Finding the vectorial expression for the mutual slant of two cones with a common vertex

Solution 1:

Start by parameterizing $\mathbf{k_2}$ in terms of $\mathbf{k_1}$. Let $\mathbf{u_1}, \mathbf{u_2}$ be two mutually orthogonal unit vectors that are also orthogonal to $\mathbf{k_1}$, then any vector $\mathbf{k_2}$ on the cone with axis $\mathbf{k_1}$ and semi-vertical angle $\alpha_{12} $ can be written as

$\mathbf{k_2} = \cos \alpha_{12} \mathbf{k_1} + \sin \alpha_{12} (cos \phi \mathbf{u_1} + \sin \phi \mathbf{u_2}) $

Now, you want $\mathbf{k_2}$ to lie on the cone that has axis $\mathbf{k_3}$, and semi-vertical angle $\alpha_{23}$, so the angle between $\mathbf{k_2}$ and $\mathbf{k_3}$ will be $\alpha_{23} $

So you need to solve the equation

$ \mathbf{k_2} \cdot \mathbf{k_3} = \cos \alpha_{23} $

for $\phi$. Upon plugging in the expression of $\mathbf{k_2}$ the above equation becomes

$ \cos \alpha_{12} (\mathbf{k_1} \cdot \mathbf{k_3}) + \sin \alpha_{12} \left(cos \phi (\mathbf{u_1} \cdot \mathbf{k_3} ) + \sin \phi (\mathbf{u_2} \cdot \mathbf{k_3})\right) = \cos \alpha_{23} $

which is of the form

$ a \cos \phi + b \sin \phi = c $

and can be solved easily (see below). It will result in two solutions if $\alpha_{12} + \alpha_{23} \gt \beta $, one solution if $\alpha_{12} + \alpha_{23} = \beta $, and no solutions if $\alpha_{12} + \alpha_{23} \lt \beta $.

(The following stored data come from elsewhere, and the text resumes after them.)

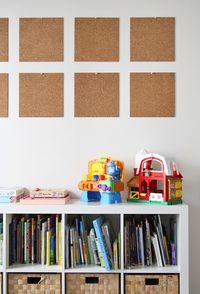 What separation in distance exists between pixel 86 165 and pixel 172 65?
86 cm

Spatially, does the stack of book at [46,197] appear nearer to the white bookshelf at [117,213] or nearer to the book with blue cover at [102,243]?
the white bookshelf at [117,213]

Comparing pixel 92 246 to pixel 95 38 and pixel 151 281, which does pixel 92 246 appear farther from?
pixel 95 38

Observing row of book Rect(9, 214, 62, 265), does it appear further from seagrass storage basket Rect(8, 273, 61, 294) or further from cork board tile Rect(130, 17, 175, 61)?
cork board tile Rect(130, 17, 175, 61)

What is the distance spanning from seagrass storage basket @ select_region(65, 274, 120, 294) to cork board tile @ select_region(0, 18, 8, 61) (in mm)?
1458

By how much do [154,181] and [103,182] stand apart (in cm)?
32

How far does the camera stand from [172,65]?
265 cm

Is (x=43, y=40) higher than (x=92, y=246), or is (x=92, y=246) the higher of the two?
(x=43, y=40)

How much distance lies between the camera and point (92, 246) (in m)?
2.40

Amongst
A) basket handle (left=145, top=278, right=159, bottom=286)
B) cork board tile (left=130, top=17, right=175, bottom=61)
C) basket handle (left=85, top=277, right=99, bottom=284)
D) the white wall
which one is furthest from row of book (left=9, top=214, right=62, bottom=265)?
cork board tile (left=130, top=17, right=175, bottom=61)

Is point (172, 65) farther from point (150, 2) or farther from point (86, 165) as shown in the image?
point (86, 165)

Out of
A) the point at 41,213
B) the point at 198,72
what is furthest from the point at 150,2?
the point at 41,213

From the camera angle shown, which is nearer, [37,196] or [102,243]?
[102,243]

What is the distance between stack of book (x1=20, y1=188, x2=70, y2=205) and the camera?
2.39m

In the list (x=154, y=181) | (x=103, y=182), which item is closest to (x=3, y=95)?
(x=103, y=182) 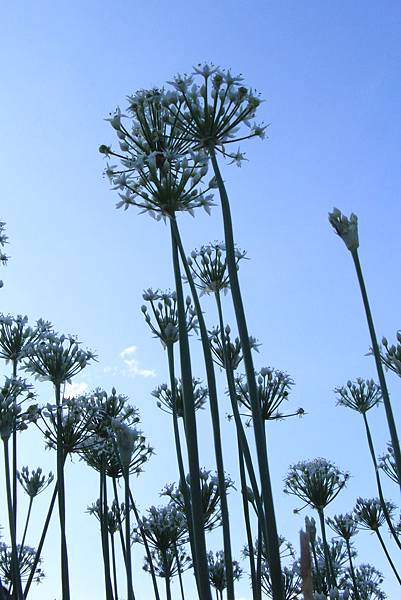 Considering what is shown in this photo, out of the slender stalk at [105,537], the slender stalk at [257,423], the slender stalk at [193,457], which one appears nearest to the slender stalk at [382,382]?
the slender stalk at [257,423]

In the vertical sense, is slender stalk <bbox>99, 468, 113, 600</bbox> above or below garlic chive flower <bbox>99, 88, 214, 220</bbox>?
below

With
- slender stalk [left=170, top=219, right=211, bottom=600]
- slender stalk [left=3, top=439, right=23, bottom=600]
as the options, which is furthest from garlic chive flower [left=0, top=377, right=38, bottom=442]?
slender stalk [left=170, top=219, right=211, bottom=600]

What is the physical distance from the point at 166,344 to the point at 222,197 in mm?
3261

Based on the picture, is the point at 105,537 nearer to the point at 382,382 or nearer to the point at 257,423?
the point at 257,423

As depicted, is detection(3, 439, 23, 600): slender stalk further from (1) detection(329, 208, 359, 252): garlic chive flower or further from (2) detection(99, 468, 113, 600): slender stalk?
(1) detection(329, 208, 359, 252): garlic chive flower

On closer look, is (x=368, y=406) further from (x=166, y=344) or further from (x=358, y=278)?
(x=358, y=278)

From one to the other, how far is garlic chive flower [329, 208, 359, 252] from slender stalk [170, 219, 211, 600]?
1646 millimetres

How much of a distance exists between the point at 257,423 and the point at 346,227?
2.21 metres

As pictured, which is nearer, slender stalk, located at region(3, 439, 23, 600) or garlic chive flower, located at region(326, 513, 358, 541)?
slender stalk, located at region(3, 439, 23, 600)

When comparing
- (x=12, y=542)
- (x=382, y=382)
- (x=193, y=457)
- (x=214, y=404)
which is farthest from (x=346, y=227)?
(x=12, y=542)

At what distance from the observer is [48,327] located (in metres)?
12.3

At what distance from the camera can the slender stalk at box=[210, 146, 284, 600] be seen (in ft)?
17.4

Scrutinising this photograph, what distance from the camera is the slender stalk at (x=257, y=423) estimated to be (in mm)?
5301

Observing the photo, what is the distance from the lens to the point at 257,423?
19.4 ft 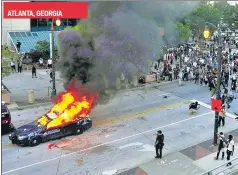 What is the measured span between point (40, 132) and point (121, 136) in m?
3.64

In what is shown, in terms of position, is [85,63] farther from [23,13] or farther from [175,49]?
[175,49]

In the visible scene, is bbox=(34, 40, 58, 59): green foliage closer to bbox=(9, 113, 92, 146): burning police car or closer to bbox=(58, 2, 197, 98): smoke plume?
bbox=(58, 2, 197, 98): smoke plume

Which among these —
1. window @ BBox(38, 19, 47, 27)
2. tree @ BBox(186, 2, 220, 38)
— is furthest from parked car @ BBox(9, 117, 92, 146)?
tree @ BBox(186, 2, 220, 38)

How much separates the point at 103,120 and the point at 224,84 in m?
10.2

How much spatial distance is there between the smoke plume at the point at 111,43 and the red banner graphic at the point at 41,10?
7931mm

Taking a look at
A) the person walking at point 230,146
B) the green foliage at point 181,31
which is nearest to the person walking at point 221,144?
the person walking at point 230,146

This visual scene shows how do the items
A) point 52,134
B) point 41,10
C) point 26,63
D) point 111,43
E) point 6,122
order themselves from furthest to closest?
point 26,63 → point 111,43 → point 6,122 → point 52,134 → point 41,10

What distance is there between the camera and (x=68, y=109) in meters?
17.0

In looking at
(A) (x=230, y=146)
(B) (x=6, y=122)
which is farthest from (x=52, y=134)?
(A) (x=230, y=146)

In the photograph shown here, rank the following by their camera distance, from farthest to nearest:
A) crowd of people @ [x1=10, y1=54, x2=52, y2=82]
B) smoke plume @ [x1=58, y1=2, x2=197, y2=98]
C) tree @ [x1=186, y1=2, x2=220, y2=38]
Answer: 1. tree @ [x1=186, y1=2, x2=220, y2=38]
2. crowd of people @ [x1=10, y1=54, x2=52, y2=82]
3. smoke plume @ [x1=58, y1=2, x2=197, y2=98]

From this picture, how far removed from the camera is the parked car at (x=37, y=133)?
15.5 metres

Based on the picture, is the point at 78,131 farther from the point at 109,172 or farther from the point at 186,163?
the point at 186,163

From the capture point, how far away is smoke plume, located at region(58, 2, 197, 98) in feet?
63.3

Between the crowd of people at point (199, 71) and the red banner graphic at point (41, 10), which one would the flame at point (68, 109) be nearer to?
the red banner graphic at point (41, 10) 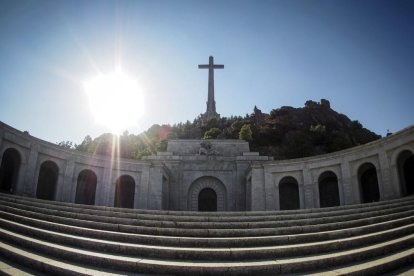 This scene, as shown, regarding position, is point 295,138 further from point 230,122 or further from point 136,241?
point 136,241

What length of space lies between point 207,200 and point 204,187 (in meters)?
1.16

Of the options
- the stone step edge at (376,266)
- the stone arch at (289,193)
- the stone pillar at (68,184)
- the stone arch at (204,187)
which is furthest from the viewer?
the stone arch at (204,187)

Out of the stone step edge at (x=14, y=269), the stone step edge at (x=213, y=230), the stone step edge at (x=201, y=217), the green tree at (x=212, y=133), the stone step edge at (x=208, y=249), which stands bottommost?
the stone step edge at (x=14, y=269)

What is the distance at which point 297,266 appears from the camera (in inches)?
234

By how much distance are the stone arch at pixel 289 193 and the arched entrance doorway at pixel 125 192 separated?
12.6m

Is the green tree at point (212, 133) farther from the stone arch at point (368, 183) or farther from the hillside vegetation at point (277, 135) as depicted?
the stone arch at point (368, 183)

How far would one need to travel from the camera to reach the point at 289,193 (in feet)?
78.0

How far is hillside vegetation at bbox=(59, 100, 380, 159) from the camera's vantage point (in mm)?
51250

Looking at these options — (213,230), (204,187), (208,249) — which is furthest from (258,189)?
(208,249)

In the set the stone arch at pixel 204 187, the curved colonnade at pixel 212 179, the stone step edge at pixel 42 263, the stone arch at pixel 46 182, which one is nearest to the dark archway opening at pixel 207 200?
the curved colonnade at pixel 212 179

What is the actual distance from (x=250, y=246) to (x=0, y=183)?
1919 centimetres

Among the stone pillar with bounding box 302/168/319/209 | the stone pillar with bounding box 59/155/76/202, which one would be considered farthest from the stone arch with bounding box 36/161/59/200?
the stone pillar with bounding box 302/168/319/209

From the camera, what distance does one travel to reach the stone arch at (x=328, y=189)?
21625 mm

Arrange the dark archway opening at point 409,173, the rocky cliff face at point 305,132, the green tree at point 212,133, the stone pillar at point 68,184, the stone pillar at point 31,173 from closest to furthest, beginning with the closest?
1. the dark archway opening at point 409,173
2. the stone pillar at point 31,173
3. the stone pillar at point 68,184
4. the rocky cliff face at point 305,132
5. the green tree at point 212,133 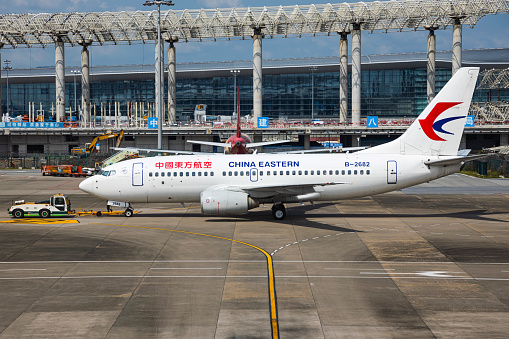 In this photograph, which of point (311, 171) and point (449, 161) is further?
point (311, 171)

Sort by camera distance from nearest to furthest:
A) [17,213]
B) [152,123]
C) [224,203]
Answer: [224,203]
[17,213]
[152,123]

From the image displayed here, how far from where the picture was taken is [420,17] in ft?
309

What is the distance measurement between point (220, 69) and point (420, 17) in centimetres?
8794

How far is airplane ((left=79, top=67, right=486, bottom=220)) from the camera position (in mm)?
40219

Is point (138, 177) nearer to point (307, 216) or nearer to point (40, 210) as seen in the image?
point (40, 210)

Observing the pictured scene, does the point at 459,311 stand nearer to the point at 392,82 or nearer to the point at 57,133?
the point at 57,133

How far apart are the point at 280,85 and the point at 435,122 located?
136 metres

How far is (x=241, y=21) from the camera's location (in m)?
99.6

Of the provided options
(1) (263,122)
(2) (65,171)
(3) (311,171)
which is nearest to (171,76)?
(1) (263,122)

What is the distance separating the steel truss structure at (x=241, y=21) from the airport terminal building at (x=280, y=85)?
60029 mm

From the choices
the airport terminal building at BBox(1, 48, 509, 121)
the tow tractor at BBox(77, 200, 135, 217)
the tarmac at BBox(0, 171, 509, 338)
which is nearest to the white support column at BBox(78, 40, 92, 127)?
the airport terminal building at BBox(1, 48, 509, 121)

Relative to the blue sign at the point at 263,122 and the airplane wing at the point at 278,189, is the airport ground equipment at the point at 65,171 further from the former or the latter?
the airplane wing at the point at 278,189

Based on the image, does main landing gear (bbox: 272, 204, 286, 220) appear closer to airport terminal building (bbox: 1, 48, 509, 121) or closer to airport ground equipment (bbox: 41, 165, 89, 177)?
airport ground equipment (bbox: 41, 165, 89, 177)

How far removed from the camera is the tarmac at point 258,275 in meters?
19.3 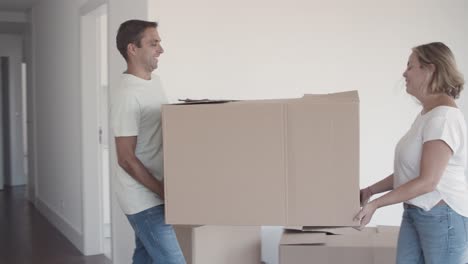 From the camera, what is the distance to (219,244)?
2.86 meters

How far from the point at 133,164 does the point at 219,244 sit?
1.01 m

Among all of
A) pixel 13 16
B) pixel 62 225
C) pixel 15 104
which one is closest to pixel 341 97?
pixel 62 225

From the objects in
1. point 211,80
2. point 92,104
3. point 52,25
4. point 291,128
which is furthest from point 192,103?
point 52,25

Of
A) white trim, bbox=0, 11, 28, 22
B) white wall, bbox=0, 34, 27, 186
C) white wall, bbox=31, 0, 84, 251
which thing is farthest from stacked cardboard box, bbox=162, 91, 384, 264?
white wall, bbox=0, 34, 27, 186

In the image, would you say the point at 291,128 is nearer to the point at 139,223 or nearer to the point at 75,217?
the point at 139,223

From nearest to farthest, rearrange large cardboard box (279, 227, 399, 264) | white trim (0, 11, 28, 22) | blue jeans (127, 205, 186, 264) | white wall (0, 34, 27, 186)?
blue jeans (127, 205, 186, 264) → large cardboard box (279, 227, 399, 264) → white trim (0, 11, 28, 22) → white wall (0, 34, 27, 186)

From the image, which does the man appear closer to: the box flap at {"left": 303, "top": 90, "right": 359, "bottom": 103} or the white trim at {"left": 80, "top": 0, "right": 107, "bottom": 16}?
the box flap at {"left": 303, "top": 90, "right": 359, "bottom": 103}

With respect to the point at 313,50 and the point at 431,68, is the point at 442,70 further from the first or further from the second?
the point at 313,50

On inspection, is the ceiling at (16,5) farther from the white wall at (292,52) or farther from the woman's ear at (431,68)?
the woman's ear at (431,68)

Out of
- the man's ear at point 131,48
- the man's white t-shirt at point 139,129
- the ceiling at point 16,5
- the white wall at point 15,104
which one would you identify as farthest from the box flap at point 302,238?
the white wall at point 15,104

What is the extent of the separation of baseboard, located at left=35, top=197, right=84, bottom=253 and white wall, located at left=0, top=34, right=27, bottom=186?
2495mm

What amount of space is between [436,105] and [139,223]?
1.07 metres

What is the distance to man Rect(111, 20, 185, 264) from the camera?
200cm

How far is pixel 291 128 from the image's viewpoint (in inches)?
70.5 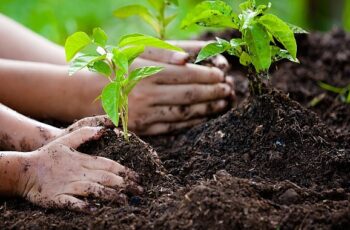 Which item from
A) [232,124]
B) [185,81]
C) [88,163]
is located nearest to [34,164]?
[88,163]

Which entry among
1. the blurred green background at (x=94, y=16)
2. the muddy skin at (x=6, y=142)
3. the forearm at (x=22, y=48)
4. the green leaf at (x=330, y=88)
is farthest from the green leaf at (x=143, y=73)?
the blurred green background at (x=94, y=16)

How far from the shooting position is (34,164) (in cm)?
134

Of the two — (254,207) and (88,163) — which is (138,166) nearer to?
(88,163)

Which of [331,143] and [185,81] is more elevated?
[185,81]

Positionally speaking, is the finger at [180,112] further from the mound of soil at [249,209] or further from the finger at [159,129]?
the mound of soil at [249,209]

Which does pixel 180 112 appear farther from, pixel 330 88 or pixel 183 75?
pixel 330 88

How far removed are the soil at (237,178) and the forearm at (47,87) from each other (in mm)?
304

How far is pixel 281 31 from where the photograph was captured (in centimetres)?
132

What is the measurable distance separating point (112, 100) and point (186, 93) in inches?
23.6

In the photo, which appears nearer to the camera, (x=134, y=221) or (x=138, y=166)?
(x=134, y=221)

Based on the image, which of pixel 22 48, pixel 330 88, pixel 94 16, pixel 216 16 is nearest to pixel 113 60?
pixel 216 16

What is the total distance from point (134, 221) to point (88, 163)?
0.20 meters

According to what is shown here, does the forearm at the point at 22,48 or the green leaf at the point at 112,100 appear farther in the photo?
the forearm at the point at 22,48

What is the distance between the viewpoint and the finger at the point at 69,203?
4.13 feet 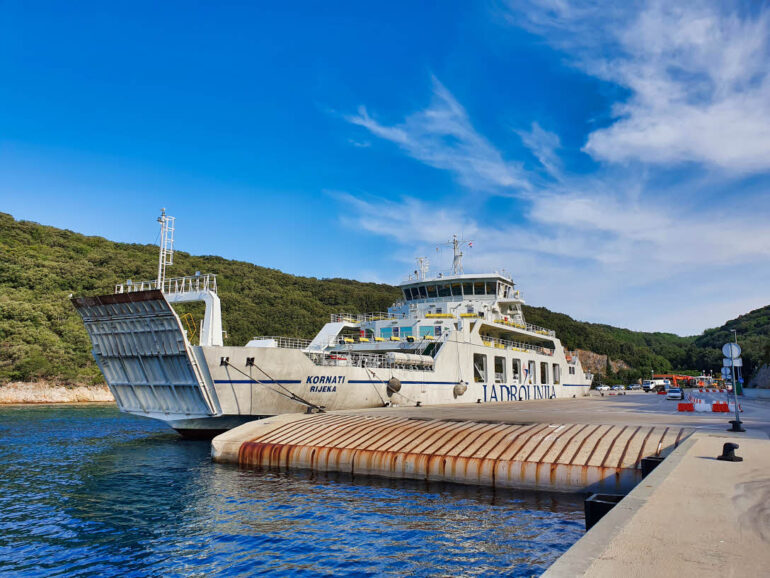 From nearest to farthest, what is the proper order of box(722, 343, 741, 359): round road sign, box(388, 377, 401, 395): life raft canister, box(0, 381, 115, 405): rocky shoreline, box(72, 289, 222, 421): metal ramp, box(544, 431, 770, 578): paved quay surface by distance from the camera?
box(544, 431, 770, 578): paved quay surface < box(722, 343, 741, 359): round road sign < box(72, 289, 222, 421): metal ramp < box(388, 377, 401, 395): life raft canister < box(0, 381, 115, 405): rocky shoreline

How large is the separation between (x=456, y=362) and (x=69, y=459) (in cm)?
1765

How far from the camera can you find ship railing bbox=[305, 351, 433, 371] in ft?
66.7

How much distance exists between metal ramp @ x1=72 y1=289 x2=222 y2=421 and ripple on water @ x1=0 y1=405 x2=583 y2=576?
409 cm

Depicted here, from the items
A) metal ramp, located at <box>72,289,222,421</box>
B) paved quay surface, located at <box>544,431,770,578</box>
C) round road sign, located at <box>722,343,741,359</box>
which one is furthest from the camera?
metal ramp, located at <box>72,289,222,421</box>

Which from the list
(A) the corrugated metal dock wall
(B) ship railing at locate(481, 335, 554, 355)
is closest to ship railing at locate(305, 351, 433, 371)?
(A) the corrugated metal dock wall

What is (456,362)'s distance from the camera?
27141 mm

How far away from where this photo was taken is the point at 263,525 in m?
8.55

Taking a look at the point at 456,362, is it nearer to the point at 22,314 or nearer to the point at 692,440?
the point at 692,440

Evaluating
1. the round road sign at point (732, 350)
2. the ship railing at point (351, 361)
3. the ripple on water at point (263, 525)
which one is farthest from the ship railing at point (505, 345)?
the ripple on water at point (263, 525)

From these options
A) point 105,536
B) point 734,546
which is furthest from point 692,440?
point 105,536

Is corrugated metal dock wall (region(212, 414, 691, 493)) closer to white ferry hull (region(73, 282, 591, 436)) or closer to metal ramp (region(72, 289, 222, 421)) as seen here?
white ferry hull (region(73, 282, 591, 436))

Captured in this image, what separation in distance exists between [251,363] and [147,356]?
3.85 meters

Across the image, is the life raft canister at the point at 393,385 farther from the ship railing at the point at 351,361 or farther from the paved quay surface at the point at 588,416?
the paved quay surface at the point at 588,416

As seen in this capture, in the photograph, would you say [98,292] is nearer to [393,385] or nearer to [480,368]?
[480,368] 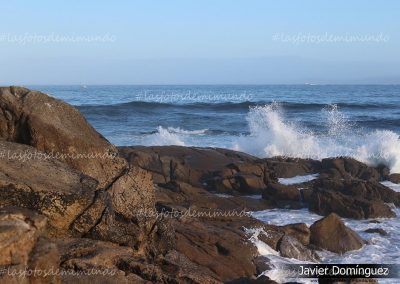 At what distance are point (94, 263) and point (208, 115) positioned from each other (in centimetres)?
3108

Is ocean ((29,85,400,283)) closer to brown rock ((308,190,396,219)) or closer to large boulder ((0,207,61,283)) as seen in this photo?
brown rock ((308,190,396,219))

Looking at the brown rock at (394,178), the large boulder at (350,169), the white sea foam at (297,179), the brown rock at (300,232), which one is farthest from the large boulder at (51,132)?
the brown rock at (394,178)

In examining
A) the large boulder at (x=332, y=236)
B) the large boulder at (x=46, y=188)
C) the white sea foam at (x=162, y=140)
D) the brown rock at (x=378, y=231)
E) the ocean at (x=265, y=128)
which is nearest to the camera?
the large boulder at (x=46, y=188)

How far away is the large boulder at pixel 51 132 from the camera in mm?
7117

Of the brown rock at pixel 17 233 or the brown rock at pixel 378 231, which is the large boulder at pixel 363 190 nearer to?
the brown rock at pixel 378 231

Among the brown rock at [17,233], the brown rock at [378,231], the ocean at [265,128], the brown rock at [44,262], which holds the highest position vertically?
the brown rock at [17,233]

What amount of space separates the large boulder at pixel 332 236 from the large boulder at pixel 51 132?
11.0 feet

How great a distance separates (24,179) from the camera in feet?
19.2

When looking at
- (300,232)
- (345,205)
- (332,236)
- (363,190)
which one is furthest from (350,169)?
(300,232)

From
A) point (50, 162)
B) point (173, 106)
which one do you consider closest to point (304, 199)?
point (50, 162)

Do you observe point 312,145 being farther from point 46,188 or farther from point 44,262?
point 44,262

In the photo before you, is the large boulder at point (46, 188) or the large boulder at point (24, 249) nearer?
the large boulder at point (24, 249)

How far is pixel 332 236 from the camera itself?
30.0ft

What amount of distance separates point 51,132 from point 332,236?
14.6ft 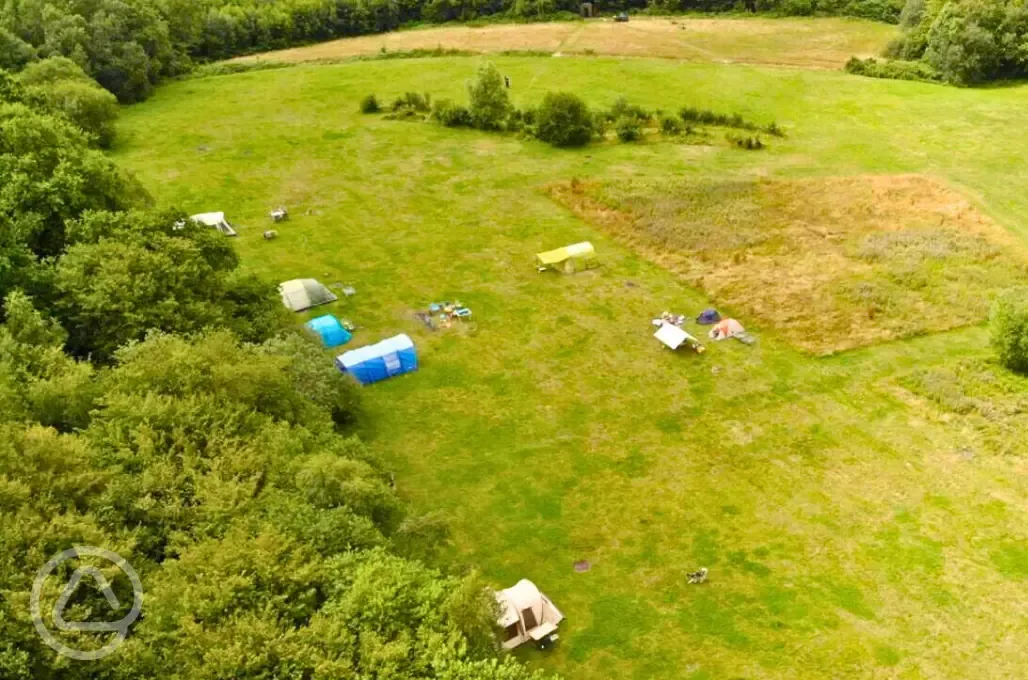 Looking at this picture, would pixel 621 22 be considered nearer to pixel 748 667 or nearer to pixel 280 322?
pixel 280 322

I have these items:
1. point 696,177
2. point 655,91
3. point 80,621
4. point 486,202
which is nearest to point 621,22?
point 655,91

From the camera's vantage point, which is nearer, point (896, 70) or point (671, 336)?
point (671, 336)

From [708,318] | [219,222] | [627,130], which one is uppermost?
[627,130]

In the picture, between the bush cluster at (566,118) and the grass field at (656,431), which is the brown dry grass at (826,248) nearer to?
the grass field at (656,431)

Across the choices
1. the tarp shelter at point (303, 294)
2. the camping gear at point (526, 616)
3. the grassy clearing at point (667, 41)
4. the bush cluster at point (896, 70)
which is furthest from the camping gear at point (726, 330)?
the grassy clearing at point (667, 41)

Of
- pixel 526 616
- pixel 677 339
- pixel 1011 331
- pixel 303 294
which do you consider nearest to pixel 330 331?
pixel 303 294

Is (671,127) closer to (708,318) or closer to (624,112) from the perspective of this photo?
(624,112) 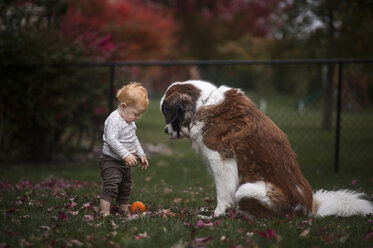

Now for the step-by-step solution of $ a \cos \phi + b \sin \phi = c $, divide through by $\sqrt{a^2 + b^2} $, resulting in

$\dfrac{a}{\sqrt{a^2 + b^2}} \cos \phi + \dfrac{b}{\sqrt{a^2 + b^2}} \sin \phi = \dfrac{c}{\sqrt{a^2 + b^2}} $

Define angle $\psi$ such that $\cos \psi = \dfrac{a}{\sqrt{a^2 + b^2}} $ and $\sin \psi = \dfrac{b}{\sqrt{ a^2 + b^2}} $, then

$ \cos \phi \cos \psi + \sin \phi \sin \psi = \dfrac{c}{\sqrt{a^2 + b^2}} $

The left hand side is simply $\cos(\phi - \psi) $, hence

$ \phi = \psi \pm \cos^{-1} \dfrac{c}{\sqrt{a^2 + b^2}} $

There will two solutions if $| c | \lt \sqrt{a^2 + b^2} $ , one solution if $ |c| = \sqrt{a^2 + b^2} $ and no solutions if $|c| \gt \sqrt{a^2 + b^2} $